She knew his reputation, of course; even she had heard the New York gossip about this particular D’Angelo brother, enough to know that Raphael D’Angelo’s relationships with women were brief and numerous, and that there was no such thing as a light flirtation where this particular man was concerned.

‘Do that.’ Nina nodded abruptly, her defensive hackles rising.

Those golden eyes narrowed to steely slits. ‘I believe, as it seems we will be required to spend a certain amount of time together over the next few weeks, that you will find me to be much more amenable to your needs if our relationship is one based on mutual respect.’

Nina blinked. ‘It’s been my experience that respect is earned rather than a given.’

His jaw tightened. ‘Meaning?’

Nina kept her expression deliberately blank. ‘I don’t believe there was any hidden meaning to my comment, Mr D’Angelo, merely a statement of fact.’

Rafe doubted that very much.

Damn, but this woman was irritating.

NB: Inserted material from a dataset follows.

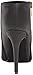 Michael Antonio Women's Juros Bootie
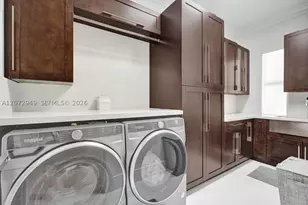 11390 SW 30th, Miami, FL 33165 - Photo 30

Cool, detached—and damned irritating!

She was also beautiful, in an exotically unusual way; a man could drown in those deep moss-green eyes, become lost in caressing the smooth softness of her skin, and as for those lush and kissable lips? Rafe had no idea what her breasts were like, of course, hidden as they were beneath that bulky black sweatshirt, but her hips and thighs were slender, her legs so long they seemed to go on for ever. As for that abundance of long and curling silkily soft hair, Rafe couldn’t ever remember seeing hair of quite that fiery colour before, natural golden and russet highlights visible amongst the red as her sunlit hair surrounded her face like a halo.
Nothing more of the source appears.